Global Islamic finance industry to grow 10% in 2023-2024 despite economic slowdown
The global Islamic finance industry is expected to grow by around 10 per cent in 2023-2024 despite the economic slowdown, after posting a similar expansion in 2022 mainly led by the GCC countries, according to S&P Global Ratings.
The sector continued to expand in 2022, with assets up by 9.4 per cent compared with 12.2 per cent in 2021, supported by growth in banking assets and the sukuk industry, S&P said in a report on Monday.
GCC countries, mainly Saudi Arabia and Kuwait, spurred 92 per cent of the growth in Islamic banking assets last year.
In Kuwait, this was mainly due to Kuwait Finance House’s acquisition of Ahli United Bank. “Over the next couple of years, we expect the latter to convert its conventional activities to Sharia compliance in line with its acquisition plans,” S&P said.
In Saudi Arabia, the biggest Arab economy, the implementation of its ambitious diversification strategy, Vision 2030, and continued growth in mortgage lending supported the industry’s growth.
However, in other parts of the world, the Islamic finance industry’s growth was either muted or held back by local currency depreciation.
“Structural weaknesses still curb the industry’s broader geographical and market appeal,” S&P said.
“We believe that progress toward greater standardisation — in part supported by the digitalisation of sukuk issuance for example — could enhance the industry’s structural growth potential.
“At the same time, the increasing focus on sustainability-related themes by core Islamic finance players will create new opportunities for the industry.
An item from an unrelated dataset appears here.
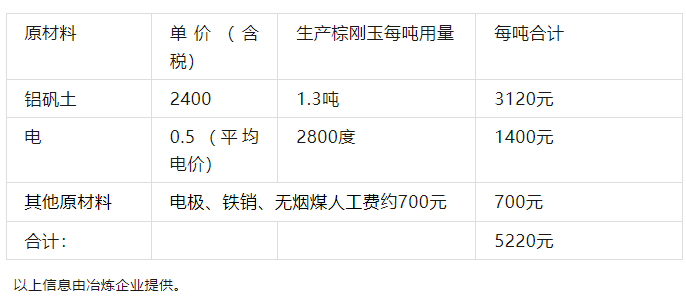 關于棕剛玉塊冶煉成本、一級塊到剛玉砂的知識分享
We expect the contribution of sustainability-linked sukuk to continue increasing in the next 12-24 months, albeit from a low base.”
Sukuk issuance continued to spur the industry’s expansion despite slowing issuance volumes overall, the report said.
While sukuk volumes are anticipated to fall again in 2023, it will be at a slower pace than in 2022, with new issuance expected to exceed maturing sukuk.
Global sukuk issuance is forecast to “level off” in the range of $170 billion to $175 billion in 2023, after a 10 per cent fall in 2022 to $178 billion, Moody’s Investors Service said in a research report in March.
Demand for Sharia-compliant financing is set to outpace conventional funding in 2023, driven by strong economic growth and development agendas in key markets, it said.
S&P also said that corporates are likely to contribute to issuance volumes, particularly in countries such as Saudi Arabia, where governments have announced transformation plans.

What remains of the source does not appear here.